At the end of November, news from southern Africa unsettled the world: South African scientists announced the discovery of a new, highly contagious coronavirus variant, which the WHO shortly after called Omicron and classified as worrying. Travelers returning from South Africa are suddenly considered suspicious cases, and numerous states are imposing strict travel restrictions against the Cape State, which hit the local tourism industry to the core. At the time, South Africa was preparing for a violent wave of infections in view of the rapidly increasing number of cases. And now? A good month later, the country is sending completely different corona signals: Almost all restrictions have been removed – many South Africans are celebrating their summer holidays again on the beaches of the coastal provinces. Shortly before New Year’s Eve, the night curfew, which had been in force for almost two years, was lifted along with other restrictions. “Omikron has reached its peak”, justified the responsible minister Mondli Gungubele. There has been no alarming change in the number of hospital admissions or the number of deaths.

The country is now on the lowest of the five levels of the nearly two-year alarm system. Masks in public places are still compulsory, and people should keep their distance at meetings. The Prime Minister of the Western Cape Province – to which the tourist metropolis Cape Town also belongs – advocated a complete removal of this alarm system on Tuesday. “We are currently managing this pandemic,” he said in an interview with the news channel eNCA. “What to focus on is hospital admissions; we had 70 people in intensive care last week, now we’re under 30 people.”

“Death rate is one to two people a day”

The daily number of infections and, above all, the number of deaths have fallen dramatically. Winde: “The death rate in the province is one to two people a day.” It is now a matter of working on the behavior of the citizens – whoever feels sick cannot avoid a mask. Winde: “The next pandemic is the pandemic of poverty, the pandemic of job losses – we have to declare an emergency here.” The official unemployment rate in the Cape State – which was already in recession before the pandemic – is around 35 percent.

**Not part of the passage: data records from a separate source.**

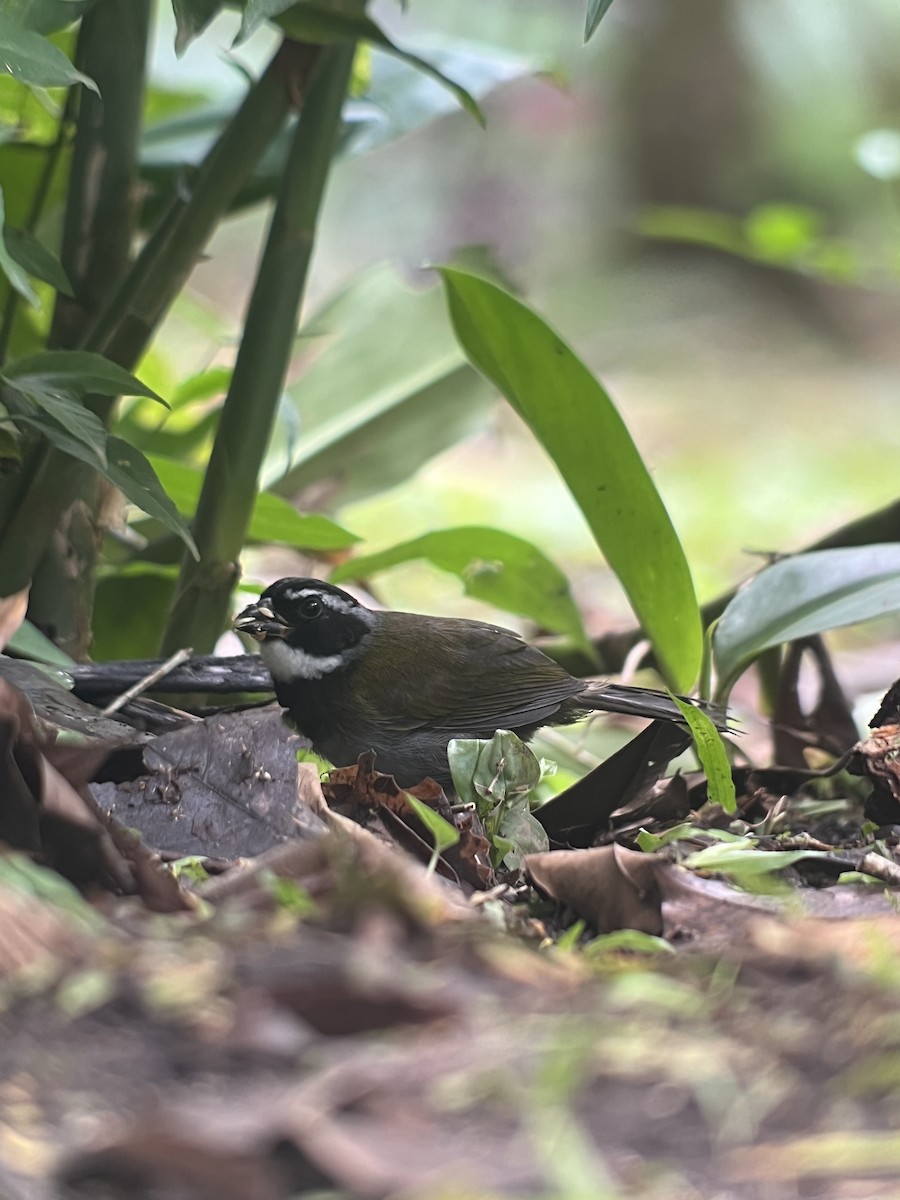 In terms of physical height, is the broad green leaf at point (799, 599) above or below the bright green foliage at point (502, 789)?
above

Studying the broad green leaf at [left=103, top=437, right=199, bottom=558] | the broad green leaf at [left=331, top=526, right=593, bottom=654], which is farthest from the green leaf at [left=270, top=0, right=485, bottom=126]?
the broad green leaf at [left=331, top=526, right=593, bottom=654]

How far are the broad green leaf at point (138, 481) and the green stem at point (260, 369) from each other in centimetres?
50

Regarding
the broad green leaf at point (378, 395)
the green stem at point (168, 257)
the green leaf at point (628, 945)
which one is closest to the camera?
the green leaf at point (628, 945)

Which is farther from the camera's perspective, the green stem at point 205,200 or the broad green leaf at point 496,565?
the broad green leaf at point 496,565

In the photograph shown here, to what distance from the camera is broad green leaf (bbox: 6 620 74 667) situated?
1911 mm

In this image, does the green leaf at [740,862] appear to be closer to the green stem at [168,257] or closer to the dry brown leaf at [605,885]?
the dry brown leaf at [605,885]

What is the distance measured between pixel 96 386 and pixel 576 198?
46.7ft

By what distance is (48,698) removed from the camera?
1748 millimetres

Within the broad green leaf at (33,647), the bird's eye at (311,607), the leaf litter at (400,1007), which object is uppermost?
the broad green leaf at (33,647)

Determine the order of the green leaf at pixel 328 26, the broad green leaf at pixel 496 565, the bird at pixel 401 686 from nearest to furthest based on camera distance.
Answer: the green leaf at pixel 328 26 → the bird at pixel 401 686 → the broad green leaf at pixel 496 565

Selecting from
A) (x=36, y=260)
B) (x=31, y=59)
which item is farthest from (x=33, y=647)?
(x=31, y=59)

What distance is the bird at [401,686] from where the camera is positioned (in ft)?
8.32

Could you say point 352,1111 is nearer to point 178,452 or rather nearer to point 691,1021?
point 691,1021

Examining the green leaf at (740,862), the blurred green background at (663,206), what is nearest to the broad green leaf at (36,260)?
the green leaf at (740,862) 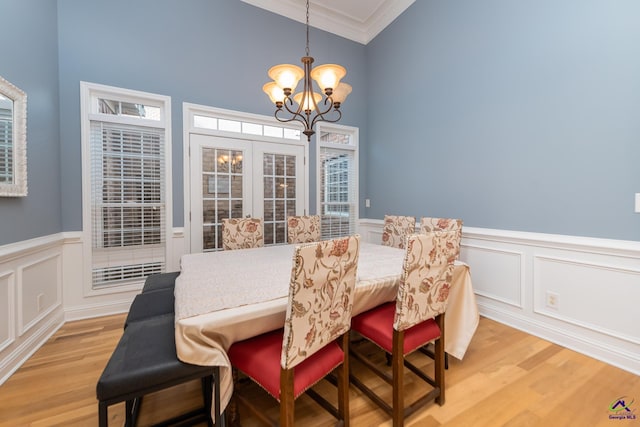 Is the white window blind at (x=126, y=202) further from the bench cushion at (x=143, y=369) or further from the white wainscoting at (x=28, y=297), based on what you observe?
the bench cushion at (x=143, y=369)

Contact tracking of people who became close to infected people had previously been removed. According to studies, around 70 percent of the average very young population of South Africa have already gone through an infection, so they have a certain level of immune protection. The National Institute for Communicable Diseases (NICD) also recently presented a study that indicates a rather mild course of disease with Omikron compared to the Delta variant in vaccinated people. Based on previous data, the probability of hospital admission for Omikron was stated to be up to 80 percent lower than for the Delta variant.

The length of stay there also fell to an average of three to four days – almost half the time that was considered the average for the Delta variant. Politicians in the Cape spoke of a downright breathtaking decline in the daily number of infections, which in many parts of the country often dropped from the five-digit range to a three-digit level.

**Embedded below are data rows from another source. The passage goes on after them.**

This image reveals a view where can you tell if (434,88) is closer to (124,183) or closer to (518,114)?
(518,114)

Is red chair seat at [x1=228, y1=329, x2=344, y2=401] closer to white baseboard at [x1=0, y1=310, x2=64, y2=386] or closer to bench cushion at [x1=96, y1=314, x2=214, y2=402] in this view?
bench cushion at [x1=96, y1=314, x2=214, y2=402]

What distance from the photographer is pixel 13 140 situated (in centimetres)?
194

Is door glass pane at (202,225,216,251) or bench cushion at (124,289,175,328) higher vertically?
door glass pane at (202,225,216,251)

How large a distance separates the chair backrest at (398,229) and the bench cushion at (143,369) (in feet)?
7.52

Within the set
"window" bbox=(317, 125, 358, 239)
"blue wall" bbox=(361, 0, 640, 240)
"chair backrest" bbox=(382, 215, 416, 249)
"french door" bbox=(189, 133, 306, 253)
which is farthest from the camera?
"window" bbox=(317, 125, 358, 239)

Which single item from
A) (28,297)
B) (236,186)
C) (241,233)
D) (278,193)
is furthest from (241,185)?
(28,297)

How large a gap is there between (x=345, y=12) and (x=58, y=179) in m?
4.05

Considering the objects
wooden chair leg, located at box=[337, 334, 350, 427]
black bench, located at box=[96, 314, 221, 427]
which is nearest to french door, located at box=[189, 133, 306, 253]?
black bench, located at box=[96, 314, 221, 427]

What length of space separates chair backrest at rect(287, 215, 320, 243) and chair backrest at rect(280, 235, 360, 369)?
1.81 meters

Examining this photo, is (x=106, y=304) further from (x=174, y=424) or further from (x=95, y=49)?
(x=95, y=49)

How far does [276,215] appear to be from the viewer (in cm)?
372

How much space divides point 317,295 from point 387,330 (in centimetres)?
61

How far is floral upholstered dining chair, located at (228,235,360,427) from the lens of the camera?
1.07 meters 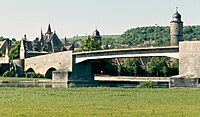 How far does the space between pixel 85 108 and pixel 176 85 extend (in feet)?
137

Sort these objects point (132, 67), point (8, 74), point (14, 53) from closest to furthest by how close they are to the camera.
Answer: point (8, 74) → point (132, 67) → point (14, 53)

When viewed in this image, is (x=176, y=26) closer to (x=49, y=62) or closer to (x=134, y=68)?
(x=134, y=68)

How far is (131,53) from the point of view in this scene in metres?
88.2

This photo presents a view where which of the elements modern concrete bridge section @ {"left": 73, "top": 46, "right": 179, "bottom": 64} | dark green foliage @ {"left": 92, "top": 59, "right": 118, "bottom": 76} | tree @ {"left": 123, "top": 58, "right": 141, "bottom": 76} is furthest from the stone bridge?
tree @ {"left": 123, "top": 58, "right": 141, "bottom": 76}

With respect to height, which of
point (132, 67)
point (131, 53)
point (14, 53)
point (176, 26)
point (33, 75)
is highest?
point (176, 26)

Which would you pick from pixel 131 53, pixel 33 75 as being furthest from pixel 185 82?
pixel 33 75

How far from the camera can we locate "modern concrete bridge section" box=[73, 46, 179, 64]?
263ft

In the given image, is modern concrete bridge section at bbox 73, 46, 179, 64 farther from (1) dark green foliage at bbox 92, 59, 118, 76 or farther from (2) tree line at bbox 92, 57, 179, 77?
(2) tree line at bbox 92, 57, 179, 77

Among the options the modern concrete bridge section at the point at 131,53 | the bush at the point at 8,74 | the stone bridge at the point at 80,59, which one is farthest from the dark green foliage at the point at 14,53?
the modern concrete bridge section at the point at 131,53

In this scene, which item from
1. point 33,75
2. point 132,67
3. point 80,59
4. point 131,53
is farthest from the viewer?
point 132,67

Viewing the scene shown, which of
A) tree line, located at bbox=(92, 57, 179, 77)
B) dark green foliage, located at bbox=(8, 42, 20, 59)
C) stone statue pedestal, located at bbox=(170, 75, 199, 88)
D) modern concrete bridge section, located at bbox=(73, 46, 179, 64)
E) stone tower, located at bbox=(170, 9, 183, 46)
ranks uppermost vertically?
stone tower, located at bbox=(170, 9, 183, 46)

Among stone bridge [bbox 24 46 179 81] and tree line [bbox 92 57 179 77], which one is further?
tree line [bbox 92 57 179 77]

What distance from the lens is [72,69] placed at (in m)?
102

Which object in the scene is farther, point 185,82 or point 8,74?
point 8,74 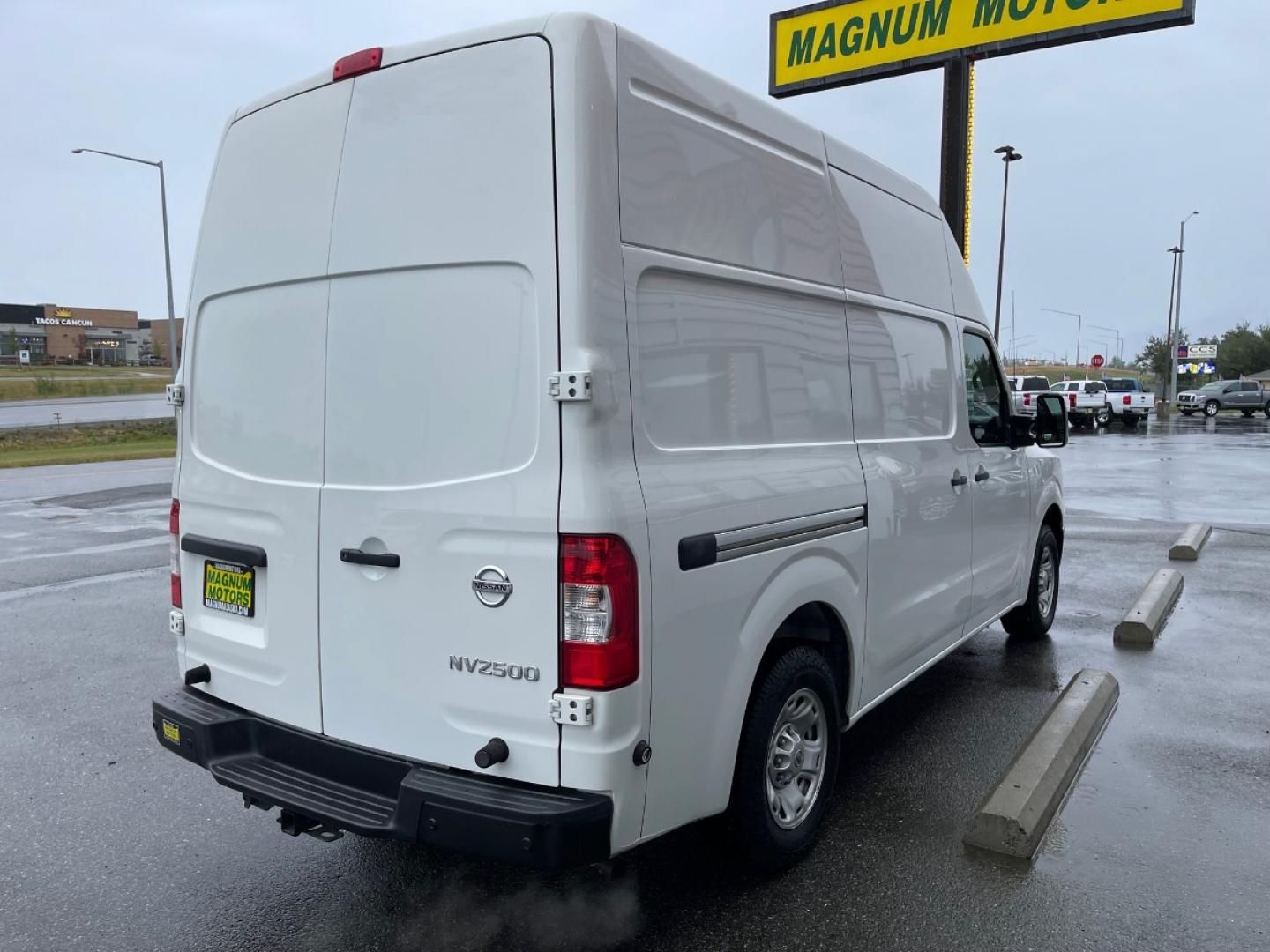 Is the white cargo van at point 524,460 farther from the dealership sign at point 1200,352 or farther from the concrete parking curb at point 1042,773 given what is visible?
the dealership sign at point 1200,352

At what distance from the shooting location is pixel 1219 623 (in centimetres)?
Result: 702

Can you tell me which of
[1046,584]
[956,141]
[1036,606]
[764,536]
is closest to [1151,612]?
[1046,584]

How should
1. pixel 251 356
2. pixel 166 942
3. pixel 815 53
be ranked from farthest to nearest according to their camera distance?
pixel 815 53 → pixel 251 356 → pixel 166 942

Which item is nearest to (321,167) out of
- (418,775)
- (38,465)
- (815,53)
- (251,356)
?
(251,356)

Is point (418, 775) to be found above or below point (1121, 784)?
above

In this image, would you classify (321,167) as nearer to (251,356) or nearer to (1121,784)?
(251,356)

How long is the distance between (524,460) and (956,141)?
44.0ft

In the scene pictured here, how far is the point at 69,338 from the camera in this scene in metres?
113

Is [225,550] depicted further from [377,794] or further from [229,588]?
[377,794]

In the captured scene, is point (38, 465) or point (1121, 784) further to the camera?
point (38, 465)

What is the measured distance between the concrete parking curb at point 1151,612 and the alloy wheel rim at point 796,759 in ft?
12.4

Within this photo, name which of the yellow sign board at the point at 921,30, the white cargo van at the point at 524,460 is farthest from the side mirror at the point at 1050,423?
the yellow sign board at the point at 921,30

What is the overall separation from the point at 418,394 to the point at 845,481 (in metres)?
1.66

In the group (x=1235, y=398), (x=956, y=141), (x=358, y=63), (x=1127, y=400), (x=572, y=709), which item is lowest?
(x=572, y=709) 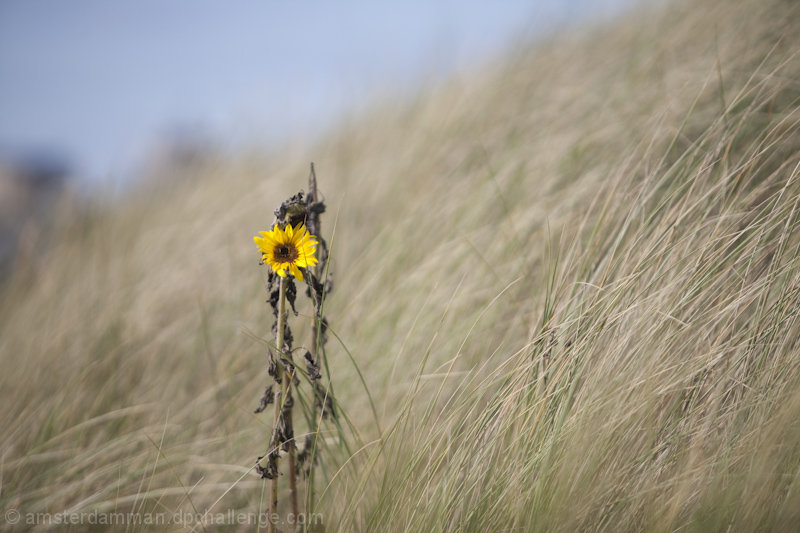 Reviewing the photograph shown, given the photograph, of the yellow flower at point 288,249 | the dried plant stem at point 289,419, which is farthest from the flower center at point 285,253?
the dried plant stem at point 289,419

However: shortly before Christmas even the pan-African health organization Africa CDC warned against transferring the “encouraging initial findings” from South Africa to other countries. South Africa is also in the summer, when respiratory diseases are rather rare. The continent has now procured almost 450 million vaccine doses, but only around eleven percent of the population have been vaccinated twice against the coronavirus. Countries like Morocco (72 percent of the population) or South Africa (26 percent) stand out.